Invited ReviewDendritic cell activation and function in response to Schistosoma mansoni
Introduction
Schistosome infection presents a complex challenge to the immune system. The parasite is a multicellular organism which exists in discrete life stages and inhabits multiple locations within the host. The outcome of the immune response determines the balance between protective immunity and immunopathology, the difference between health and morbidity (Pearce and MacDonald, 2002). Dendritic cells (DC) are central players in the control of developing immune responses, specialised in both the initiation and polarisation of adaptive immunity (Banchereau et al., 2000; Moser and Murphy, 2000). Here, we present an overview of current understanding of the interactions between DC and schistosomes, emphasising the distinctive DC phenotypes elicited by schistosome components and the potent ability of these cells to drive T helper cell (Th) type 2 immunity in vivo.

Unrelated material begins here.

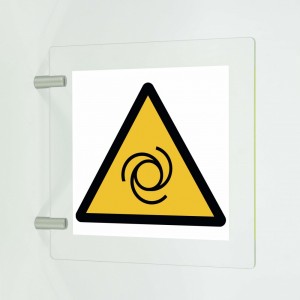 Macchina ad avviamento automatico in plex trasp a bandiera - W018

‘Immature’ DC are often described as the sentry guards of the immune system, stationed throughout the peripheral tissues, continuously sampling their environment through phagocytosis, endocytosis and macropinocytosis (Sallusto et al., 1995; Winzler et al., 1997). They filter soluble antigens from extracellular fluid at such a rate that they internalise the equivalent of their own volume within 2 h (Sallusto et al., 1995).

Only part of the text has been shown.